One day in about 5th or 6th grade, Suzanne came to me sadly and told me she was no longer allowed to play with me. It seemed her mother was having a bit of Protestant zeal and had decided that my nominal Catholic home was a threat. Suzanne would not be allowed to play with any Catholics. I assured her we had no real religion but she said her mom’s mind was made up and her younger sisters would be watching to be sure that we no longer talked after today.

I was crushed. I could hardly believe what was happening but my hope was that her mom would soon “forget” and we could resume being best friends. But the sadness I felt was nothing compared to what was coming. Suzanne not only stopped talking to me but in a fairly short amount of time she joined a small group of girls and started taunting me- calling me names. I was so hurt and shocked. How could a person be a close friend one week and an enemy the next? Our relationship was never the same- even after Suzanne’s mom “forgot” about the ban on Catholics.

I do think it can be very hard at times but I believe there is much value in loyalty. I am afraid we have become a culture that pursues immediate personal happiness and comfort at the expense of relational depth. If a job doesn’t keep me happy- I get another job. If a church doesn’t feel good to me- I get another church. If my marriage is hard- I get another spouse. We readily throw up our hands and leave when things get hard- we have little to no fortitude. No willingness to suffer for the greater good.

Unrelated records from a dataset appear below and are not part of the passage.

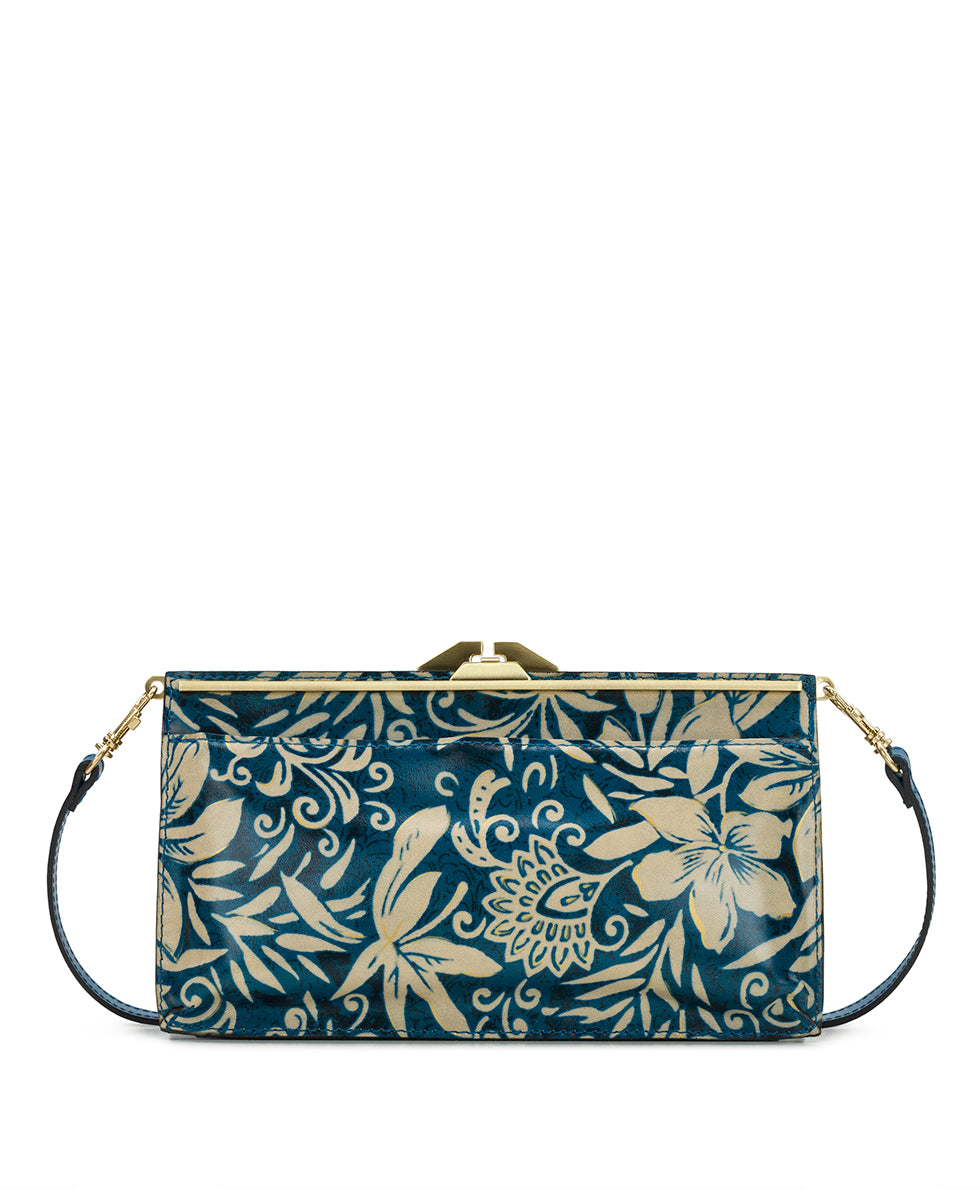 Female - Iris Frame Crossbody - Greek Floral Print - greek floral print - by Patricia Nash - View 2 of 6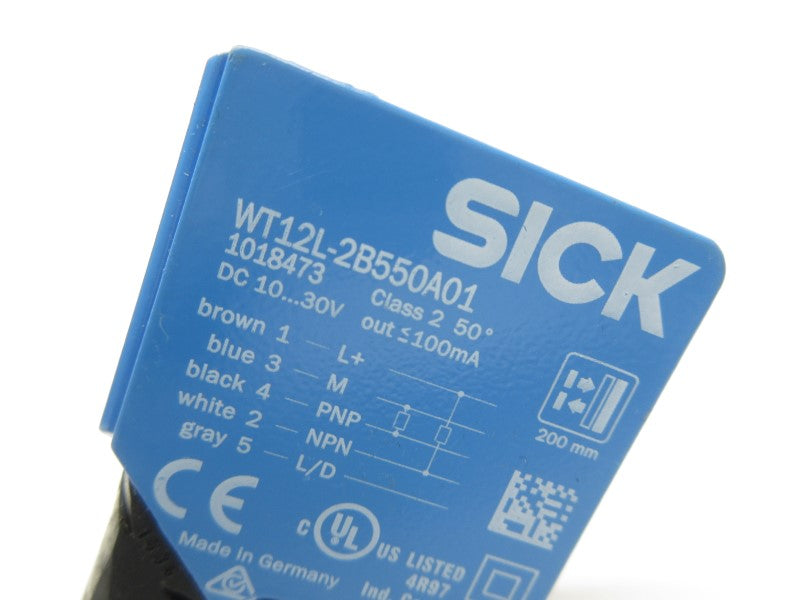 SICK WT12L-2B550A01 1018473 10-30VDC NSNP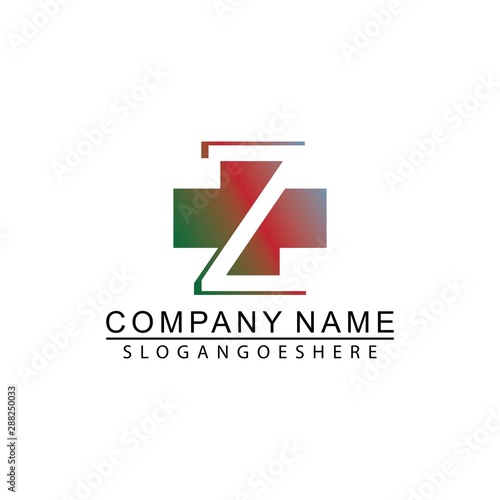 Letter Z Medical Healthcare Hospital Logo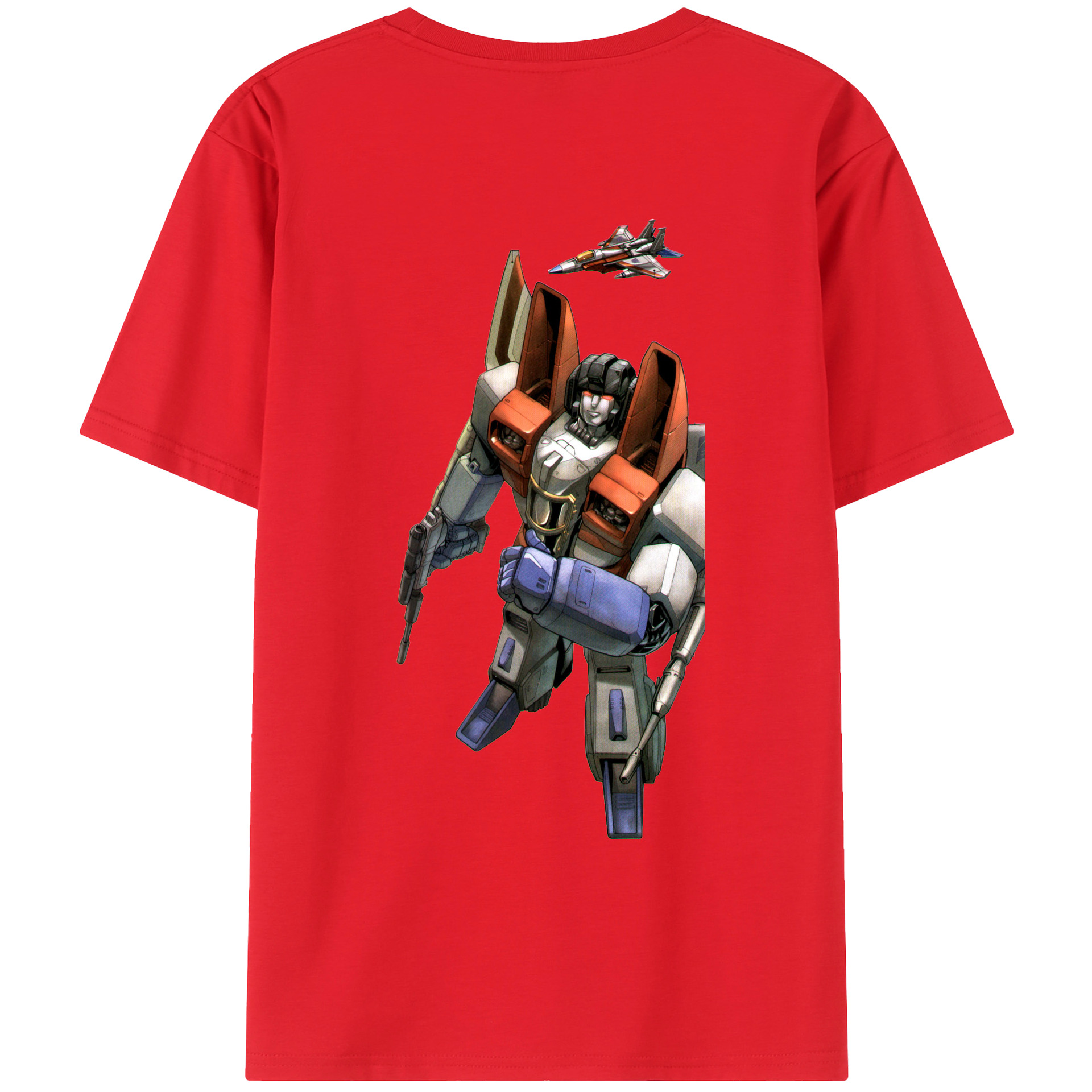 （画像用）  綿100％ メンズ半袖Tシャツ（バックプリント） 通気性
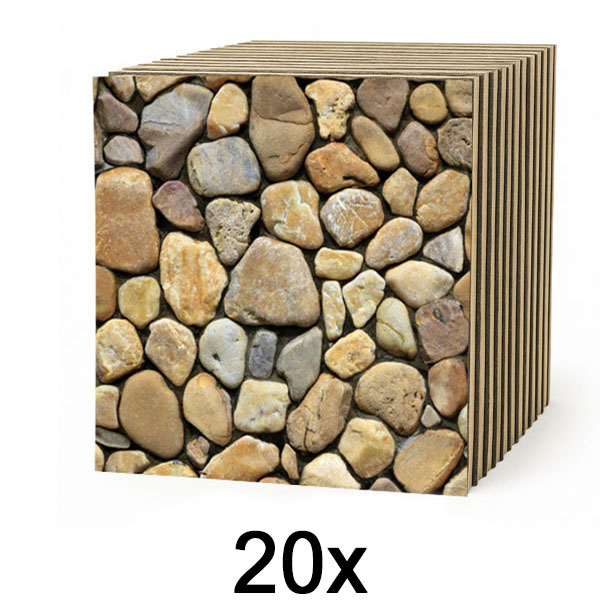 2x Ταπετσαρία 3D απομίμηση πέτρας (10 τμχ) | STONEBLOCKS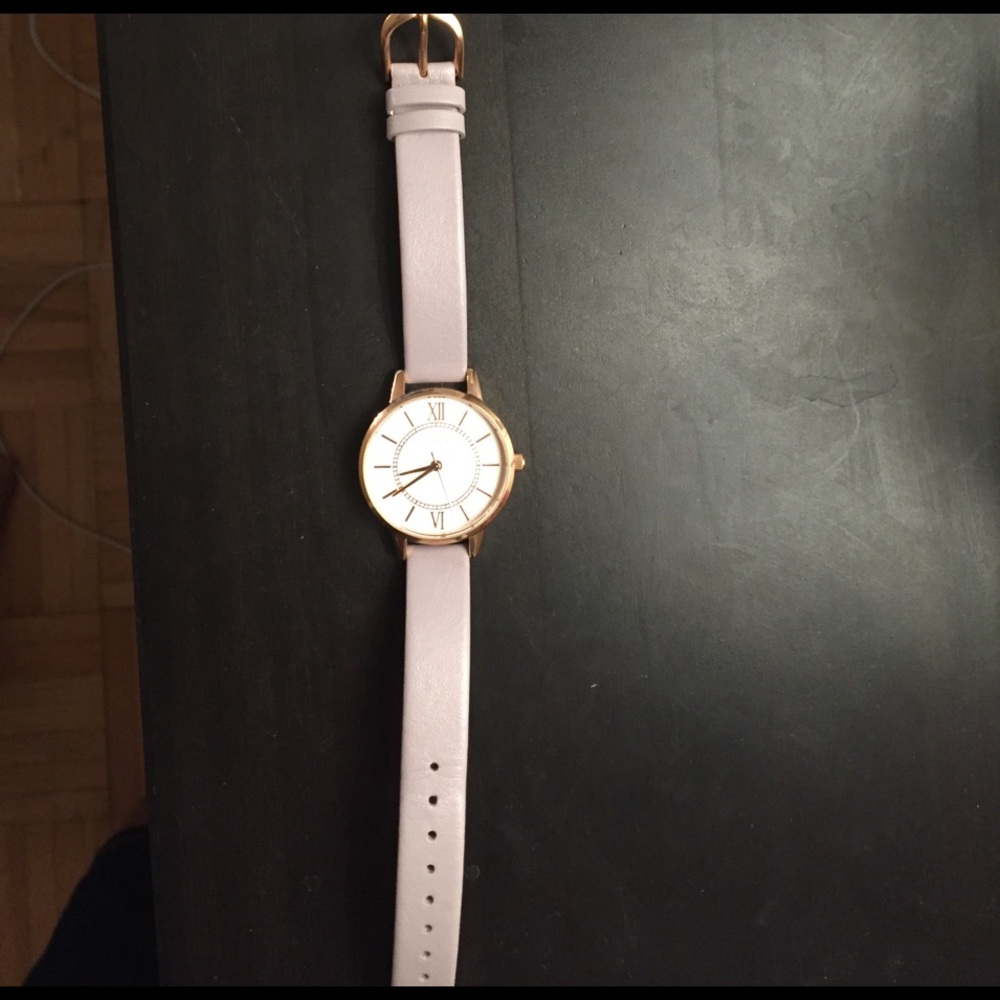 Olivia Burton "Wonderland" Leather Strap Watch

I know I don’t like to suffer but I must say, lately, I have been harvesting some of the sweetest relational fruit that I have ever had. I have been married to a sweet gentle man for 35 years. Our anniversary is tomorrow and we are able to laugh easily, work side by side, talk deeply about heady subjects. We can endure tough times and pull together to do it. It hasn’t always been easy but the loyalty has been utterly priceless.